Neymiş...? Meclis, vekil, halkın iradesi, demokrasi falan filan her zaman ulusun fayda ve menfaatlerini yansıtmayabilirmiş.
Bu günkü demokrasiyi savunanların Atatürkçü olmamasımı gereliyor yoksa?
Olağanüstü şartlarmı diyorsunuz? Bu gün içinde bulunduğumuz durumu olağan bulana zaten söz yok. Otlamaya devam etsin.
Erdem okuyacak vaktim yok bana bir ara özet anlatırsın :)
Ara ara okursun. Ülkemizin durumuna dair gerçekler var içinde.

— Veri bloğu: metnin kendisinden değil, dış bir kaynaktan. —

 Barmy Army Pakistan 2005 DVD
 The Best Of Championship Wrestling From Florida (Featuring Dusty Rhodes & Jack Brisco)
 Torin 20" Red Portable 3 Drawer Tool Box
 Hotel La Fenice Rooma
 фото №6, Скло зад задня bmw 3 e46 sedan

Adalet ve Haklılık... İnancım sonuna kadar savunur ki başta Türkiye'de olmak üzere Adalet sistemi kesinlikle içi boş bir tenekeden ibaret.
Vurunca gürültü çıkartır fakat içi her zaman boştur.

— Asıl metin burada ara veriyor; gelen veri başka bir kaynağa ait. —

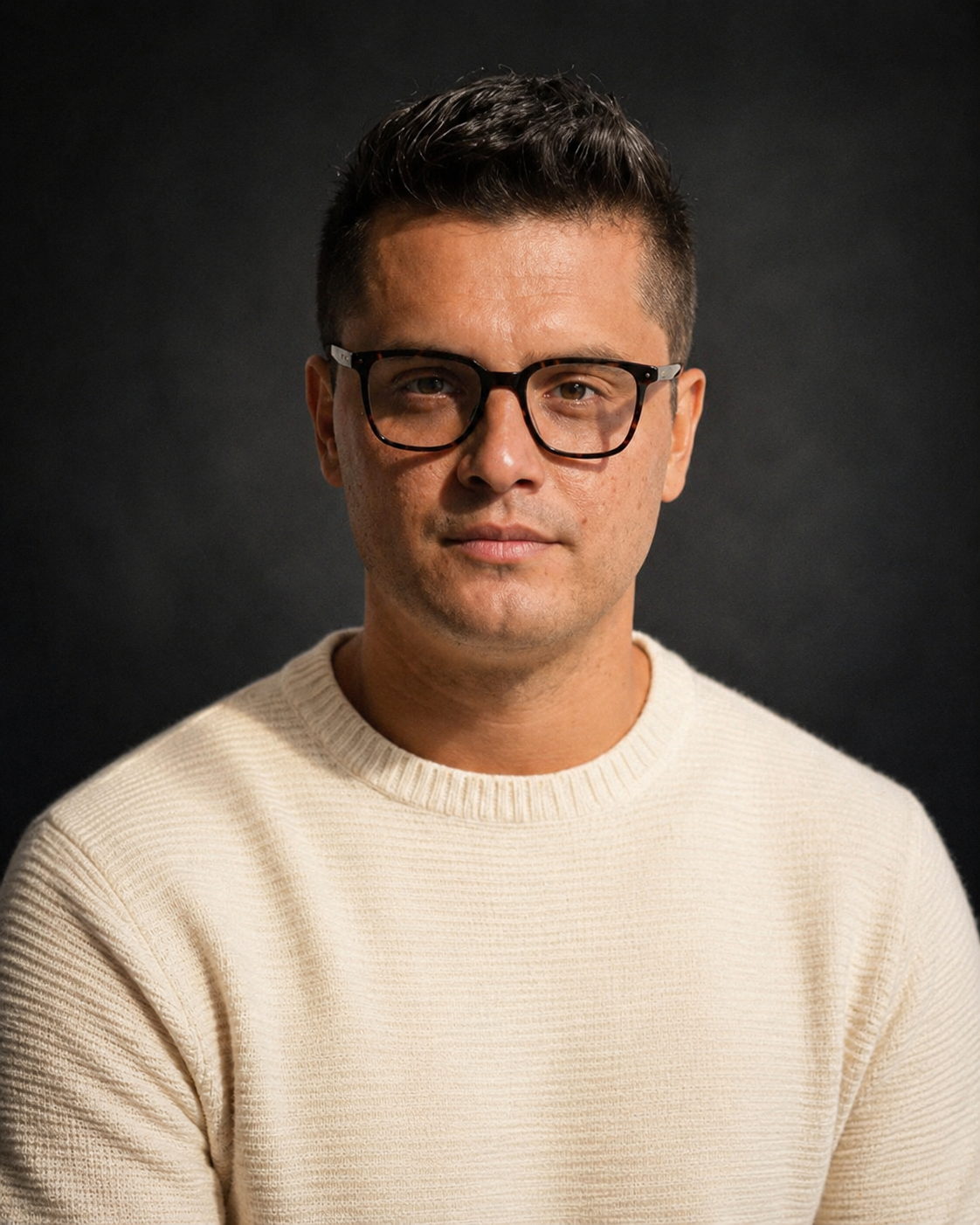 Portrait of Nick Vassev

Bu gün gazetelerde Öcalan'a "Sn. Öcalan", PKK'ya "gerilla" diyen Milletvekilleri ve sivil destekçilerinin tutuklama taleplerinin red olduğuna dair haberi okudum ve düşündüm.
Bir yandan yüzbinlerce şehitimizin kanıyla, milli mücadeleyle karış karış geri alınan vatanımın toprakları, bir yandan da 2012 yılında vatanıma, Mehmet'çiğime, Polisime sıkılan kahpe kurşun, otobüste okuluna giderken cayır cayır yanan öğrencimiz ve parçalanmaya çalışılan topraklarımı utanmadan "Sayın" diyerek savunan maalesef vergisini ödeyerek maaşını, benzin parasını cebimden ödediğim kansız milletvekilleri.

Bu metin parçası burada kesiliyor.